De toutes les formations politiques, le Bloc québécois est celui qui accuse le plus grand retard dans la sélection de candidats. En tout, des candidats ont été désignés dans à peine 26 circonscriptions, soit environ le tiers des 78 circonscriptions que comptera le Québec aux Communes aux prochaines élections. Le Parti conservateur, le NPD et le Parti libéral sont nettement plus avancés à cet égard. Ils ont chacun moins d'une vingtaine de circonscriptions à combler. Parmi les candidats bloquistes choisis, plusieurs militent pour Option nationale sur la scène provinciale et préconisent donc la ligne dure sur la question de l'indépendance du Québec.

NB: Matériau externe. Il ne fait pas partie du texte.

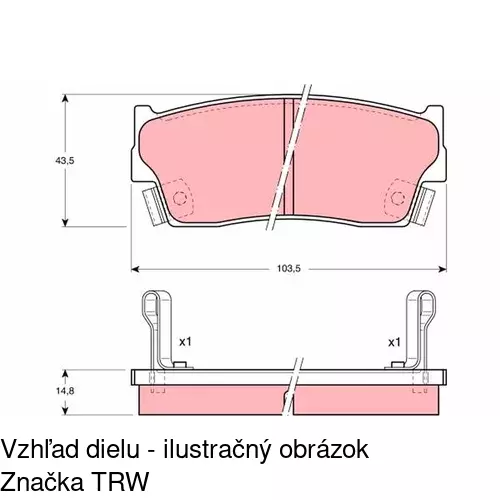 Brzdové dosky POLCAR S70-0476 - obr. 2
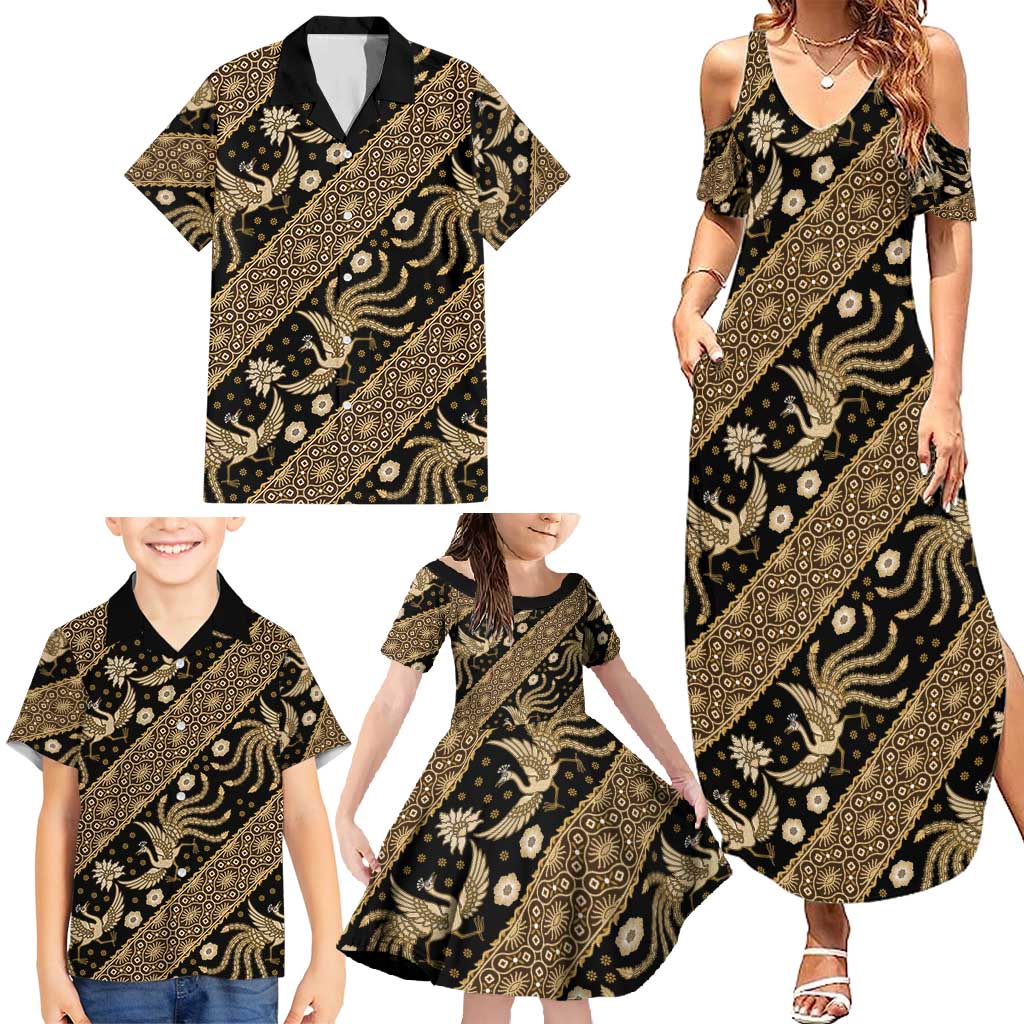 Indonesia Batik Pattern Family Matching Summer Maxi Dress and Hawaiian Shirt Gold Version - Wonder Print Shop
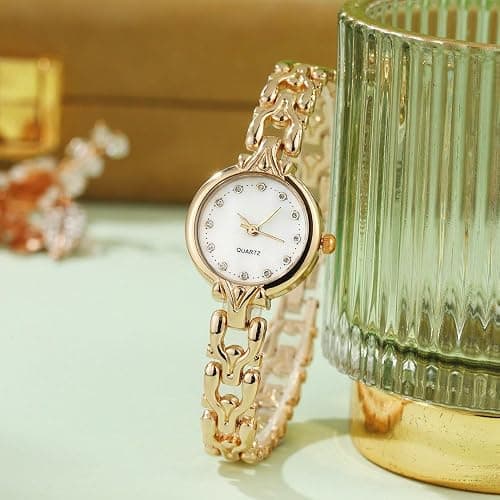 ADSBIAOYE Women Gold Bracelet Wrist watchs Minimalist Diamond watchs Stainless Steel Quartz Waterproof Watches thumbnail 3
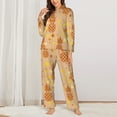 thumbnail image 2 of Pofeuu Pineapples Print Womens Pajamas Set Long Sleeve Sleepwear Button Down Nightwear Soft Pj Lounge Sets Button Down Pajamas Women-X-Large, 2 of 7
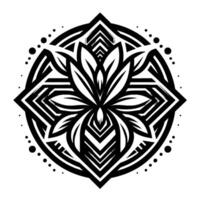 Intricate Black and White Floral Mandala Design A geometric composition featuring a stylized flower, encased in layered patterns and circular elements, exuding symmetry and balance on a white backgro vector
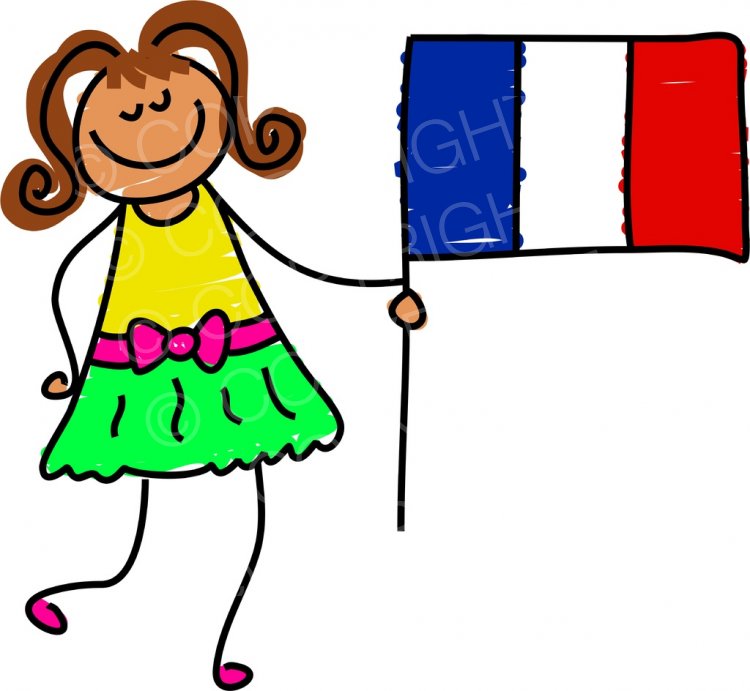 Toddler Art French Flag Kid Prawny Clipart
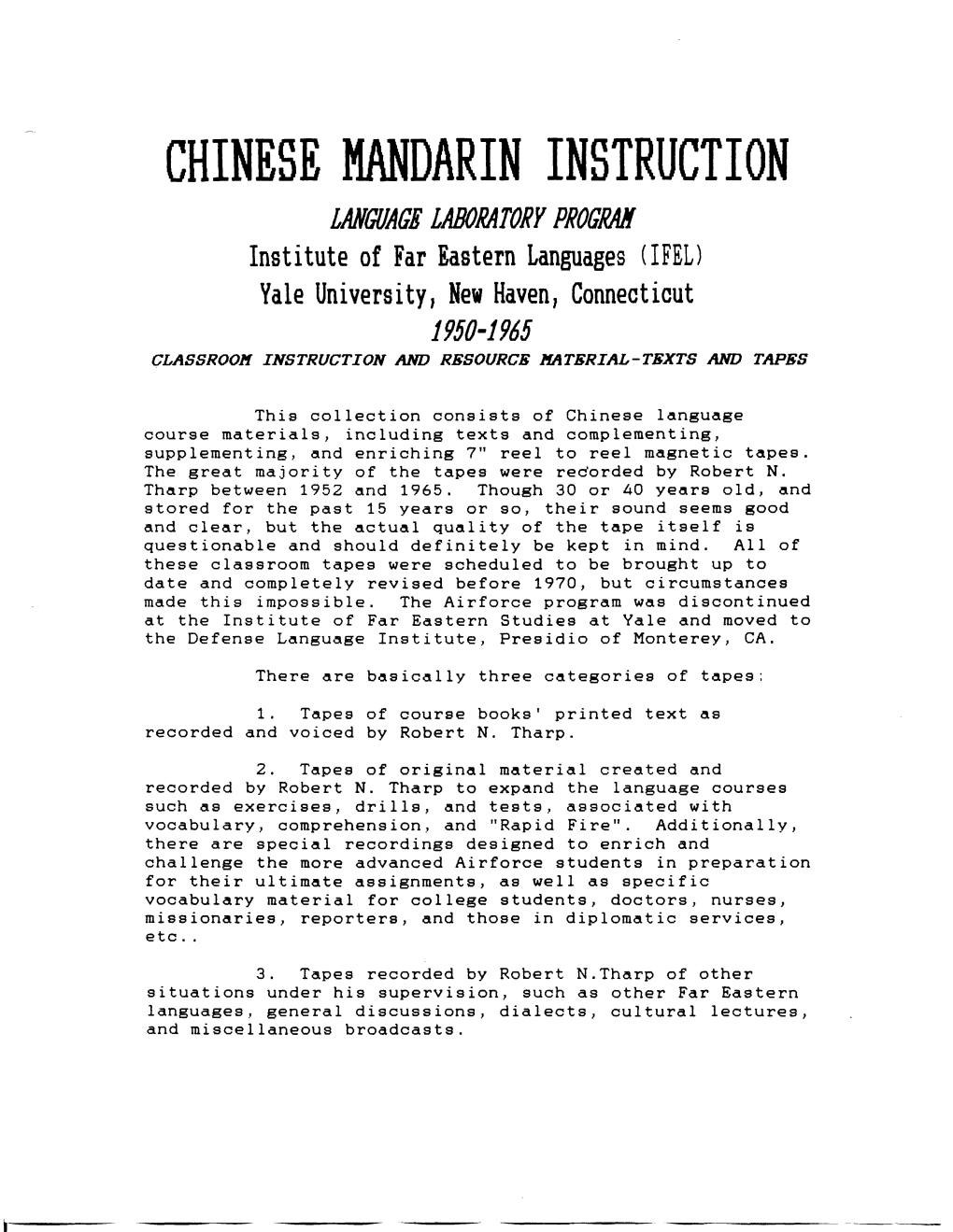 Chinese Instruction 1950-1965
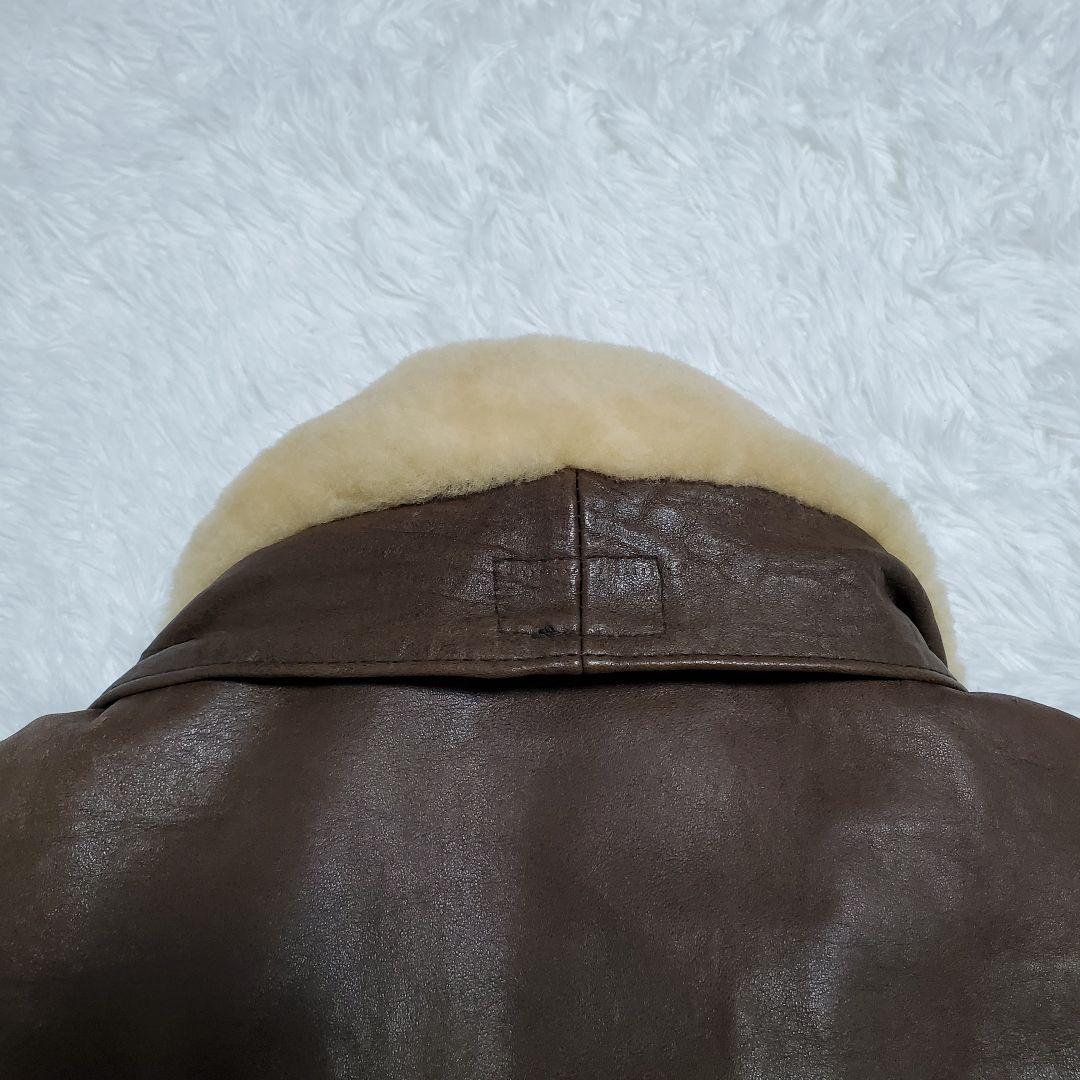 ヴィンテージ　レザージャケット　ライナー　ボア襟　ラムレザー　M　ブラウン
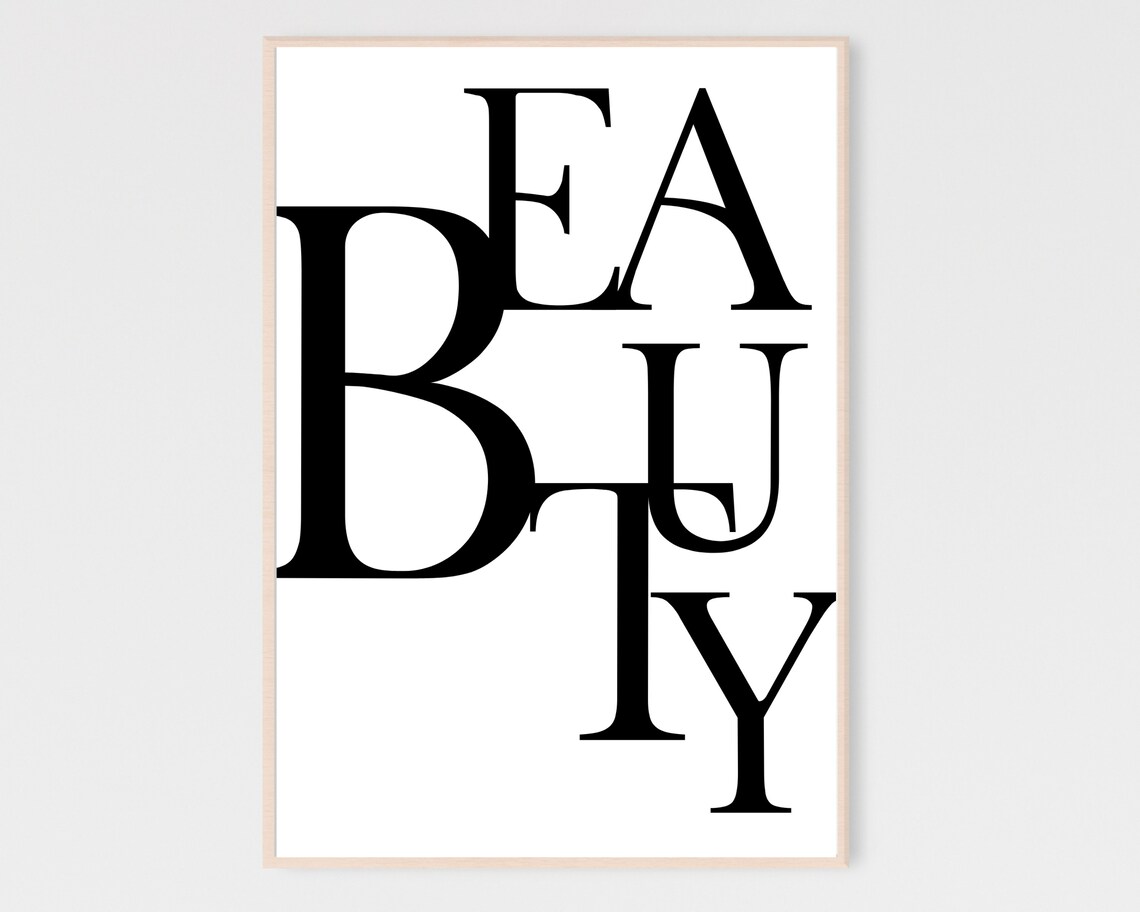 Beauty Print Wall Art Beautiful Dressing Room Abstract Typography Fashion Glam Decor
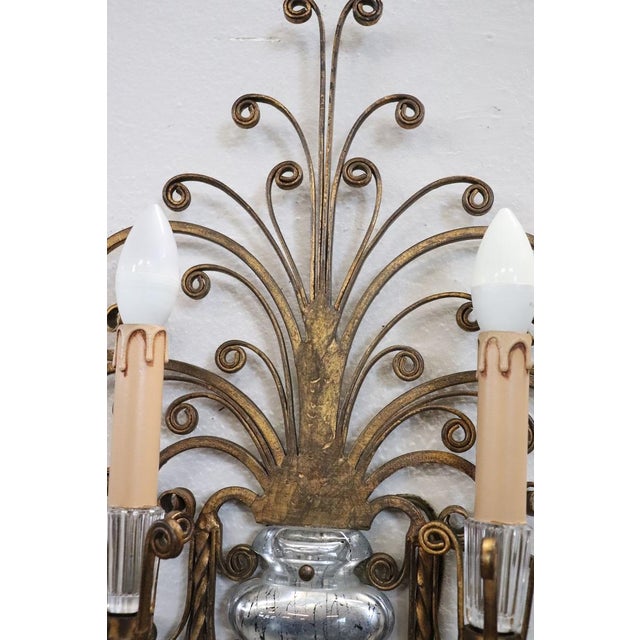 Gilded Iron and Crystal Sconces from Maison Baguès, 1950s, Set of 2 For Sale - Image 15 of 18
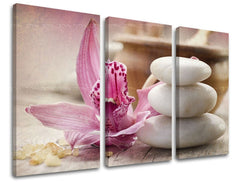 Clasic tablou pe pânză cu motivul FENG SHUI, orhidee, flori, natură în alb-bej nuanțe, atmosferă liniștită, natură, potrivit pentru sufragerie – principală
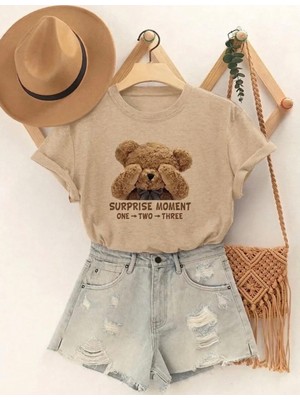 Nigrum Pardus Nıgrum Pardus Utangaç Minik Ayıcık Baskılı Pamuk Kız Çocuk Oversize T-Shirt
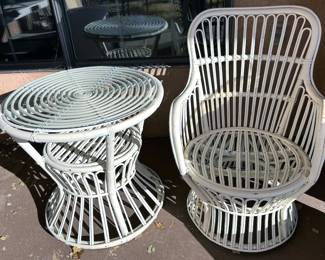 Vintage cane Italian cafe table + chair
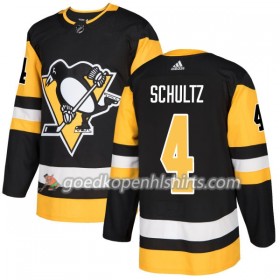 Pittsburgh Penguins Justin Schultz 4 Adidas 2017-2018 Zwart Authentic Shirt - Mannen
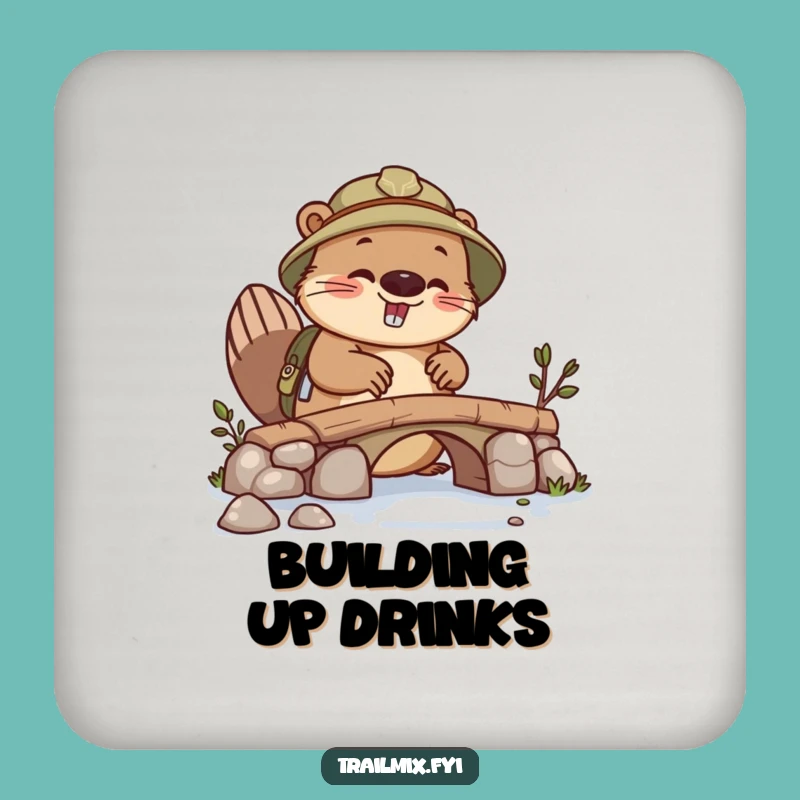 Funny Beaver Explorer Coaster - Protect Surfaces with Busy Charm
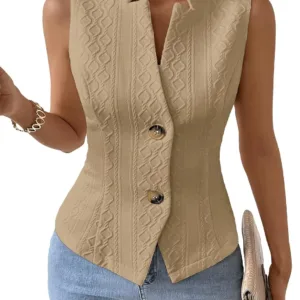 womens sleeveless vest blazer 1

4. Ramener les brebis égarées

Sous la gouverne de Mario Beaulieu, deux députés qui avaient survécu à la vague orange ont quitté le Bloc québécois. Le député André Bellavance, qui a mordu la poussière aux mains de M. Beaulieu durant la course à la direction en 2014, a claqué la porte pour siéger comme indépendant parce qu'il était en désaccord avec la position intransigeante du nouveau chef sur l'indépendance du Québec. M. Bellavance a déjà annoncé qu'il ne serait pas candidat aux prochaines élections. Le député Jean-François Fortin a aussi quitté la formation souverainiste pour fonder, avec un transfuge du NPD, Jean-François Larose, un nouveau parti, Forces et Démocratie. M. Duceppe pourra-t-il convaincre ceux qui ont quitté le Bloc de revenir au bercail ?

5. Le temps

Changer de chef à quelques mois des élections fédérales n'est pas une mince affaire pour une formation politique. Surtout quand cette formation politique est à la traîne dans les sondages depuis plusieurs mois. Le dernier coup de sonde de CROP du mois de mai n'accordait que 13 % au Bloc québécois, loin derrière le NPD qui obtenait 42 %. Le Parti libéral obtenait pour sa part 25 % et le Parti conservateur arrivait troisième avec 15 %. Chez les francophones, le Bloc ne récoltait plus que 15 % - un creux historique. Un coup de barre était donc nécessaire pour éviter la disparition du Bloc. Gilles Duceppe, qui aura 68 ans le 22 juillet, n'aura que quatre mois pour remettre le parti sur ses rails.